In the end I had to abandon three full pieces of apparatus to the dumpster, but the rest was loaded in four trailer loads in four days and taken home to my gravel driveway and garage, or spread out on the kids basketball court for cleaning and stripping and dismantling. It was a fully equipped studio and apparatus I have been collecting for two decades. I’ve been teaching Pilates since my training in Seattle in 2002, and my first piece of apparatus was a wunda chair I had in my home in 2005. Yes yes this one is going to be rebuilt. I have it stripped apart now ready to be sanded multiple times before being repolished with wood finish and reupholstered then reassembled.  I do all the re- words now, all day long. 

And a shout out to my two kids who are excellent staple removers, foam peelers, wood sanders, and garage organizers. They were right there beside me through much of the grief and challenge of closing Clasique after covid, and with me when I was working at home online only and waves of sadness and isolation, and with me moving and organizing and setting up this CoreSelf studio on Glendale Avenue. My daughter assisted me during the last workshop, we landed in this studio every day after school for homework, mom’s workout, small ball basketball games, Chisel classes with friends.  It was their home too. And as they help me strip the equipment down to the metal and wood frames so that it can be rebuilt with integrity, they are part of the journey from endings to new beginnings and around again. 

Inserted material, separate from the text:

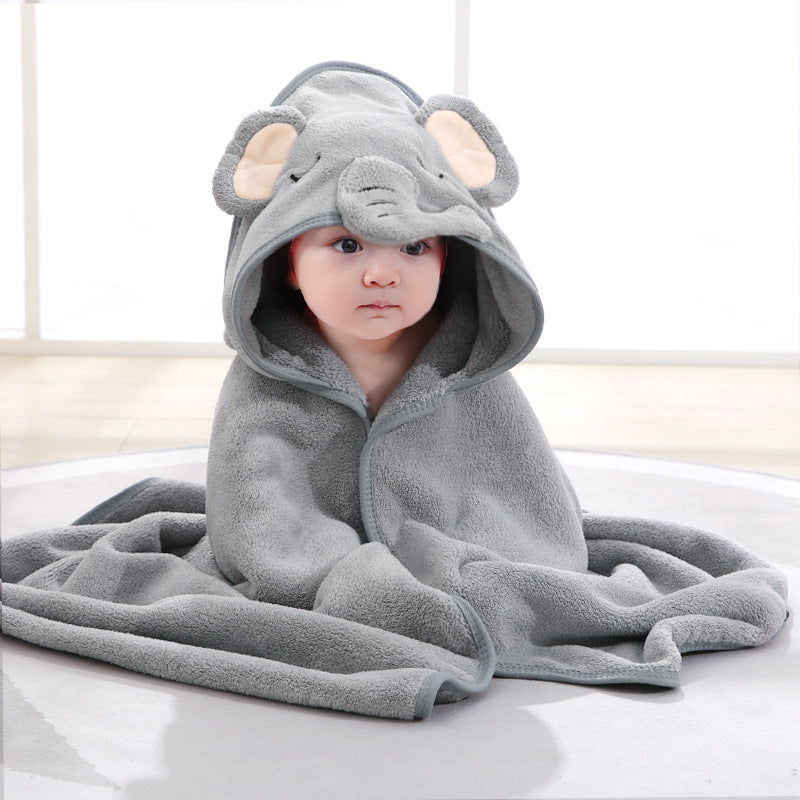 New Spring And Autumn Baby Swaddle Towel Cute Cartoon Hug Quilt Coral Fleece Hooded Bath Towel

And here’s the thing about what happened here, FEMA offers no financial support for a business like me, and insurance has a neat little clause stating that any events related to climate change, like a flood far from a flood zone, aren’t covered. The SBA offers loans, and I’m not getting tangled in any loans ever again after the weight and trauma from covid and SBA EIDL loans… another story all together. So just like that it’s massive revenue lost and asset/investment in my space lost for me, a one woman show, and huge expenses staring at me.

So yes I will rebuild and yes I am resilient but really it’s going to take grit, patience, creativity, and more grit. And time, it will take time. AND community. Community support near and far has touched my heart and inspired me deeply. I have had so many people, many who I didn’t know but who know and follow and learn from me, reach out with kind words and offers of support. I’ve had Pilates teachers and studios run their own ‘class for a cause’ campaigns and raise money for CoreSelf to rebuild. I’ve had teachers offer to loan me their equipment so I can keep teaching. It’s heartfelt and it’s inspiring.

There are many bright lights in the past weeks since Helene and through it all I feel grateful, seen, supported, and not alone.